This workshop will walk through a sophisticated sorting procedure using Python's builtin `sort` method and `sorted` function. This lesson is not so much about the underlying sorting algorithm, but rather how to use Python's builtin sorting tools to their ultimate potential. The star of the show is the `key` parameter. But we will also discuss how to build classes that produce instance objects that are sortable by default - without using the `key` parameter.


## 1. Sorted vs. Sort
In this step we'll introduce Python's builtin sorting tools: `sort` and `sorted`. They both will sort a list and they both support the `key` parameter, we'll come back to the `key` parameter later on. Sort and Sorted are very similar but have subtle distinctions that can be very important. Sort is a method on the list object, where Sorted is a free function. But this isn't the only difference. Sort will destructively alter the list it is called on, where Sorted will return a new sorted list, non-destructively.

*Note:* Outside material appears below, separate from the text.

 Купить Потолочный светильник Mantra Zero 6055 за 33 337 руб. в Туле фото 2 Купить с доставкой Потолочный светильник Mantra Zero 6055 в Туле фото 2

In this context "destructive" does not mean the list may be deleted or items removed. It simply means rearranging the items in a list is a destructive operation because the original order is not preserved.

In our example it doesn't matter which one we use - altering the list is perfectly fine because nothing in the rest of the app is relying on the original order of the list. However, this is not always the case. Occasionally we'll need to produce a new sorted list and retain the original order. When the original order doesn't matter - the Sort method is preferred due to its lower memory requirements as it does the sorting "in-place" and doesn't make a copy where the Sorted function produces a copy and thus uses more memory. In either case the builtin sorting tools are considerably (several orders of magnitude) faster than anything we could write ourselves in Python.

Method: List.sort() - Modifies the list (Destructive)
Function: sorted(Iterable) - Returns a new sorted list from any iterable (Non-destructive)

### See `code/intro.py` for the code

### Check for Understanding
1. What are the similarities between Sort and Sorted?
2. What are the differences between Sort and Sorted?
3. What does destructive mean in this context? Does it mean items may be removed from the list?

## 2. The `key` Parameter
The `key` parameter is a function, method or lambda that will serve as means to convert un-sortable objects into sortable objects, on the fly. It can also be used to sort items by unusual criteria, like sorting all odd numbers to the front of a list.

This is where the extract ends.